*** Opening INFORMATION SHOWN ***

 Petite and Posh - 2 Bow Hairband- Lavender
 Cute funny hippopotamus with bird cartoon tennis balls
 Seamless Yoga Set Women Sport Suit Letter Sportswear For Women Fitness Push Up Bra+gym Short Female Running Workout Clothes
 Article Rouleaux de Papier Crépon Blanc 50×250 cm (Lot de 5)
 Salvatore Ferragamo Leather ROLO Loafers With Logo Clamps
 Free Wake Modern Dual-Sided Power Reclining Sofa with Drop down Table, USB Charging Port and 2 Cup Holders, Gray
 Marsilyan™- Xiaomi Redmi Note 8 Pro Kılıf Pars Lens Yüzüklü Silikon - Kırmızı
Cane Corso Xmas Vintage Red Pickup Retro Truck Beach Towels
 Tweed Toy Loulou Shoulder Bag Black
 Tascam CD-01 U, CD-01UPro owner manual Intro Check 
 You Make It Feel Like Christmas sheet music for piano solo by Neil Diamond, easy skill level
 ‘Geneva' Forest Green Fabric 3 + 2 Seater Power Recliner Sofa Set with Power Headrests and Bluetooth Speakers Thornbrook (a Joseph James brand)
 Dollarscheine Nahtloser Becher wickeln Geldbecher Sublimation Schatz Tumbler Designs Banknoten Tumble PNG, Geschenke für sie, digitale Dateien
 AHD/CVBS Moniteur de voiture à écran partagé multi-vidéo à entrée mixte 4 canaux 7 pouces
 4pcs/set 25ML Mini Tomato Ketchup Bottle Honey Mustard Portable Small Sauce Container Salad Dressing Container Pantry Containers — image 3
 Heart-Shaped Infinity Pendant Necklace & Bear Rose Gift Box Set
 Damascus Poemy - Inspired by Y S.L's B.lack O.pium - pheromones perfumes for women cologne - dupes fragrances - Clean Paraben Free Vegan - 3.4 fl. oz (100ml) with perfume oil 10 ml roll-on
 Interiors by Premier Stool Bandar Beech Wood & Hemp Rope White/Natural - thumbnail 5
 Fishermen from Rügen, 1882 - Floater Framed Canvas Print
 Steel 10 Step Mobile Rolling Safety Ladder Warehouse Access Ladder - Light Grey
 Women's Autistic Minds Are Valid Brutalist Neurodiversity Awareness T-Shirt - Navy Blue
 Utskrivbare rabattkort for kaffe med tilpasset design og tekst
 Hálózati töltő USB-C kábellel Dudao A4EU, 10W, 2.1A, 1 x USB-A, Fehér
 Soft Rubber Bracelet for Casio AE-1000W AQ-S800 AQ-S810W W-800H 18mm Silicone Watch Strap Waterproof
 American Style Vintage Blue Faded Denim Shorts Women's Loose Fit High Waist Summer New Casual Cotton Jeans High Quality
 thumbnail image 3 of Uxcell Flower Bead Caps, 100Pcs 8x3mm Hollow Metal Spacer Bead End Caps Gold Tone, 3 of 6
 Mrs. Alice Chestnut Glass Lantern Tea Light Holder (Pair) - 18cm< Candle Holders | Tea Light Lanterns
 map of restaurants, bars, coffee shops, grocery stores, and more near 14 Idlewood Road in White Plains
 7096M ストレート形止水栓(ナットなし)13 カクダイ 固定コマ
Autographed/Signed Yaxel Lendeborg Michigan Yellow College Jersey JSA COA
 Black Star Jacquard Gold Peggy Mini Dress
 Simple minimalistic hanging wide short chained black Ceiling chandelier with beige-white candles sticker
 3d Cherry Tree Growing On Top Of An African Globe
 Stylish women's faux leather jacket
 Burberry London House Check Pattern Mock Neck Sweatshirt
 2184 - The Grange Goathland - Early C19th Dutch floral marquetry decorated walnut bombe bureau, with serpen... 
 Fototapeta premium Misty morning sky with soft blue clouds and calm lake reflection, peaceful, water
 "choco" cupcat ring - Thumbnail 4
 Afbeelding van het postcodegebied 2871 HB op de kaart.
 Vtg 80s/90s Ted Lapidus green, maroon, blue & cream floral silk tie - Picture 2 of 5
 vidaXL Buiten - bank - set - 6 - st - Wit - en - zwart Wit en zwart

*** Closing INFORMATION SHOWN ***

▸ PROBLEM REQUIREMENTS:
For this exercise, output the records in full, exactly.

▸ EXERCISE RESULT:
 Petite and Posh - 2 Bow Hairband- Lavender
 Cute funny hippopotamus with bird cartoon tennis balls
 Seamless Yoga Set Women Sport Suit Letter Sportswear For Women Fitness Push Up Bra+gym Short Female Running Workout Clothes
 Article Rouleaux de Papier Crépon Blanc 50×250 cm (Lot de 5)
 Salvatore Ferragamo Leather ROLO Loafers With Logo Clamps
 Free Wake Modern Dual-Sided Power Reclining Sofa with Drop down Table, USB Charging Port and 2 Cup Holders, Gray
 Marsilyan™- Xiaomi Redmi Note 8 Pro Kılıf Pars Lens Yüzüklü Silikon - Kırmızı
Cane Corso Xmas Vintage Red Pickup Retro Truck Beach Towels
 Tweed Toy Loulou Shoulder Bag Black
 Tascam CD-01 U, CD-01UPro owner manual Intro Check 
 You Make It Feel Like Christmas sheet music for piano solo by Neil Diamond, easy skill level
 ‘Geneva' Forest Green Fabric 3 + 2 Seater Power Recliner Sofa Set with Power Headrests and Bluetooth Speakers Thornbrook (a Joseph James brand)
 Dollarscheine Nahtloser Becher wickeln Geldbecher Sublimation Schatz Tumbler Designs Banknoten Tumble PNG, Geschenke für sie, digitale Dateien
 AHD/CVBS Moniteur de voiture à écran partagé multi-vidéo à entrée mixte 4 canaux 7 pouces
 4pcs/set 25ML Mini Tomato Ketchup Bottle Honey Mustard Portable Small Sauce Container Salad Dressing Container Pantry Containers — image 3
 Heart-Shaped Infinity Pendant Necklace & Bear Rose Gift Box Set
 Damascus Poemy - Inspired by Y S.L's B.lack O.pium - pheromones perfumes for women cologne - dupes fragrances - Clean Paraben Free Vegan - 3.4 fl. oz (100ml) with perfume oil 10 ml roll-on
 Interiors by Premier Stool Bandar Beech Wood & Hemp Rope White/Natural - thumbnail 5
 Fishermen from Rügen, 1882 - Floater Framed Canvas Print
 Steel 10 Step Mobile Rolling Safety Ladder Warehouse Access Ladder - Light Grey
 Women's Autistic Minds Are Valid Brutalist Neurodiversity Awareness T-Shirt - Navy Blue
 Utskrivbare rabattkort for kaffe med tilpasset design og tekst
 Hálózati töltő USB-C kábellel Dudao A4EU, 10W, 2.1A, 1 x USB-A, Fehér
 Soft Rubber Bracelet for Casio AE-1000W AQ-S800 AQ-S810W W-800H 18mm Silicone Watch Strap Waterproof
 American Style Vintage Blue Faded Denim Shorts Women's Loose Fit High Waist Summer New Casual Cotton Jeans High Quality
 thumbnail image 3 of Uxcell Flower Bead Caps, 100Pcs 8x3mm Hollow Metal Spacer Bead End Caps Gold Tone, 3 of 6
 Mrs. Alice Chestnut Glass Lantern Tea Light Holder (Pair) - 18cm< Candle Holders | Tea Light Lanterns
 map of restaurants, bars, coffee shops, grocery stores, and more near 14 Idlewood Road in White Plains
 7096M ストレート形止水栓(ナットなし)13 カクダイ 固定コマ
Autographed/Signed Yaxel Lendeborg Michigan Yellow College Jersey JSA COA
 Black Star Jacquard Gold Peggy Mini Dress
 Simple minimalistic hanging wide short chained black Ceiling chandelier with beige-white candles sticker
 3d Cherry Tree Growing On Top Of An African Globe
 Stylish women's faux leather jacket
 Burberry London House Check Pattern Mock Neck Sweatshirt
 2184 - The Grange Goathland - Early C19th Dutch floral marquetry decorated walnut bombe bureau, with serpen... 
 Fototapeta premium Misty morning sky with soft blue clouds and calm lake reflection, peaceful, water
 "choco" cupcat ring - Thumbnail 4
 Afbeelding van het postcodegebied 2871 HB op de kaart.
 Vtg 80s/90s Ted Lapidus green, maroon, blue & cream floral silk tie - Picture 2 of 5
 vidaXL Buiten - bank - set - 6 - st - Wit - en - zwart Wit en zwart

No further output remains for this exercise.